TorchPipe

Serving inside Pytorch with Multiple Threads

Torchpipe is an alternative choice for Triton Inference Server, mainly featuring similar functionalities such as Shared-momory, Ensemble, and BLS mechanism. It aims to address common problems faced by the industry.

Version Migration Notes

The core functionality of TorchPipe (v0) has been extracted into a standalone Hami library. Additionally, TorchPipe (v1) has been developed as a collection of deep learning computation backends built on top of this Hami library. This change is driven by three main reasons:

Consider the scheduling component as part of the user API.
The core library is better integrated into PyPI.
Better code quality.

TorchPipe v0 will no longer receive updates. However, it is still recommended for use at this stage. The migration of all functionalities to TorchPipe (v1) is ongoing, and we are actively working to complete this transition.

Overview

Torchpipe is a multi-instance pipeline parallel library that acts as a bridge between lower-level acceleration libraries (such as TensorRT, OpenCV, CVCUDA) and RPC frameworks (like Thrift), ensuring a strict decoupling from them. It offers a thread-safe function interface for the PyTorch frontend at a higher level, while empowering users with fine-grained backend extension capabilities at a lower level.

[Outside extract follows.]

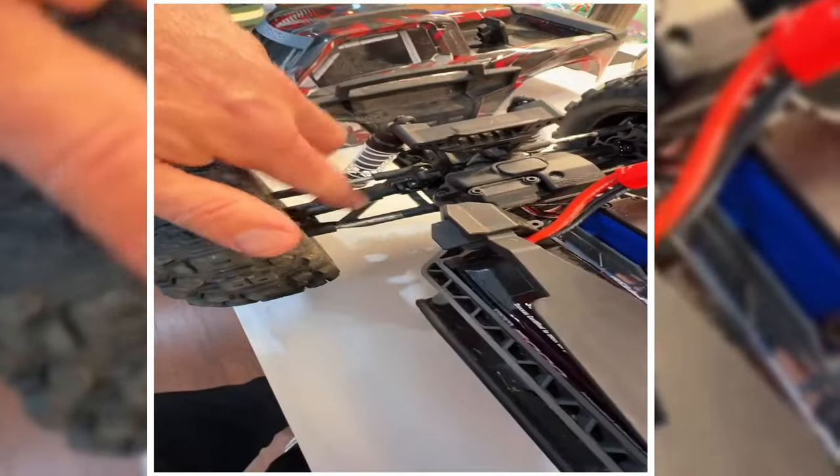Riley's going to help me tear this sucker down. She already got the front wheel off. We just changed out this one.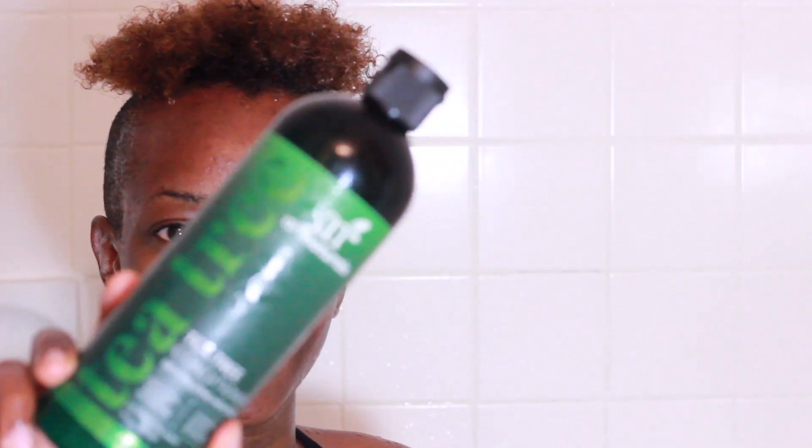We're going to follow up with Our Naturals tea tree conditioner, applying it into my hair and leaving it on for five minutes. I'll hang out and listen to some music while I wait. After five minutes, we're rinsing it out — and now we are ready to begin the styling process.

Production-Grade：Within NetEase a massive number of calls supported by Torchpipe everyday.

Installation

Using NGC Docker Image

The easiest way is to choose NGC mirror for source code compilation (you may need to update your dirver).

First, clone the code:

git clone https://github.com/torchpipe/torchpipe.git
cd torchpipe/ && git submodule update --init --recursive

Then start the container and if your machine supports a higher version of the image, you can use the updated version of the Pytorch image.

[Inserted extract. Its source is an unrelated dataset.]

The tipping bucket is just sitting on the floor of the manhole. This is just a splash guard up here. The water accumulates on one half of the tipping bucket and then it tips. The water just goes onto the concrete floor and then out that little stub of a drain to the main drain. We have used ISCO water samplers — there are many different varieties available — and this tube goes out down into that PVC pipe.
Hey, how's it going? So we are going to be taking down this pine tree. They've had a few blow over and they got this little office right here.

img_name=nvcr.io/nvidia/pytorch:24.07-py3  # for tensort10.2
# img_name=nvcr.io/nvidia/pytorch:23.08-py3  # for tensort8.6.1, LayerNorm. Support 1080ti
# img_name=nvcr.io/nvidia/pytorch:22.12-py3  # For driver version lower than 510
docker run --rm --gpus=all --ipc=host  --network=host -v `pwd`:/workspace  --shm-size 1G  --ulimit memlock=-1 --ulimit stack=67108864  --privileged=true  -w/workspace -it $img_name /bin/bash

python setup.py install

cd examples/resnet18 && python resnet18.py

NOTE: If you are using a transformer-ish model, it is strongly recommended to use TensorRT >= 8.6.1 (nvcr.io/nvidia/pytorch:23.05-py3) for supporting opset 17 for LayerNormalization and opset 18 GroupNormalization.

From Dockerfile

# build docker image by yourself(Dockerfilex for trt10, Dockerfile for trt9): 
docker build --network=host -f ./docker/Dockerfilex -t trt thirdparty/
export img_name=trt

Quick Start

1. Get appropriate model file (currently supports ONNX, TensorRT engine, etc.).

import torchvision.models as models
resnet18 = models.resnet18(pretrained=True).eval().cuda()

import tempfile, os, torch
model_path =  os.path.join(tempfile.gettempdir(), "./resnet18.onnx") 
data_bchw = torch.rand((1, 3, 224, 224)).cuda()
print("export: ", model_path)
torch.onnx.export(resnet18, data_bchw, model_path,
                  opset_version=17,
                  do_constant_folding=True,
                  input_names=["in"], output_names=["out"],dynamic_axes={"in": {0: "x"},"out": {0: "x"}})

# os.system(f"onnxsim {model_path} {model_path}")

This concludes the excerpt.